Closed edsko closed 10 months ago
Yes, they do break! When package is created, entires (or headers, I don't know proper terminology) look like gibberish. In fact, tar
doesn't think it's a proper tar archive at all. I've spent about an hour looking where my app is doing something wrong, but it turns out that the library has bugs.
Here is an example:
~/Downloads $ tar -xvf foo.tar
/usr/bin/tar: This does not look like a tar archive
/usr/bin/tar: Skipping to next header
/usr/bin/tar: Exiting with failure status due to previous errors
And with help of Emacs I can see:
-rw-r--r-- 0/0 82492644 01 >65 E@0=8 :>@>;O!.flac
Where is something unprintable at all. This must be fixed ASAP.
@dcoutts, Is PR disarible or you can fix it yourself?
@mrkkrp this isn't a new problem right? It's never done unicode.
Yes, a comprehensive fix would be welcome, but this isn't easy. It still has to work with arbitrary unix files which are not necessarily unicode.

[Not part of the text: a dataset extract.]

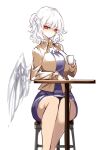  1girl braid chair cup eyebrows_visible_through_hair feathered_wings highres holding holding_cup jacket kishin_sagume long_sleeves purple_skirt raptor7 red_eyes short_hair simple_background single_wing sitting skirt solo touhou white_background white_hair white_jacket wings 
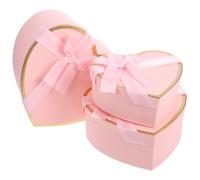 NIYANGLE Caja de Obsequio Corazón Rosa de Cartón Kraft Maché, Set para San Valentín y Cumpleaños, Caja Multifuncional para Perfumes y Lápices Labiales, Embalaje Obsequio Elegante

@dcoutts, I didn't know it's not supposed to work with Unicode. But well, it's 2016, Unicode is everywhere. And there are a lot of coutries that use non-Latin scripts, so once you choose to work with tar archives in Haskell and you have to deal with non-Latin script, you have this problem.
Oh, OK. Can you describe why exactly Unicode is so hard? All the tools for ByteString
ecoding/decoding available, and UTF-8 is the same as ASCII if it doesn't contain Unicode characters.
Also, where to look if I want to properly fix this? (I now either need to fix it or call extenral tar
application instead, which is not very pretty.)
Can't we just use utf8-string
for example and replace some calls to pack
/unpack
from Data.ByteString.Char8
with calls to fromString
/ toString
from Data.ByteString.UTF8
? That should work for file paths without Unicode characters as well as for those with Unicode characters in them. Am I missing something important here?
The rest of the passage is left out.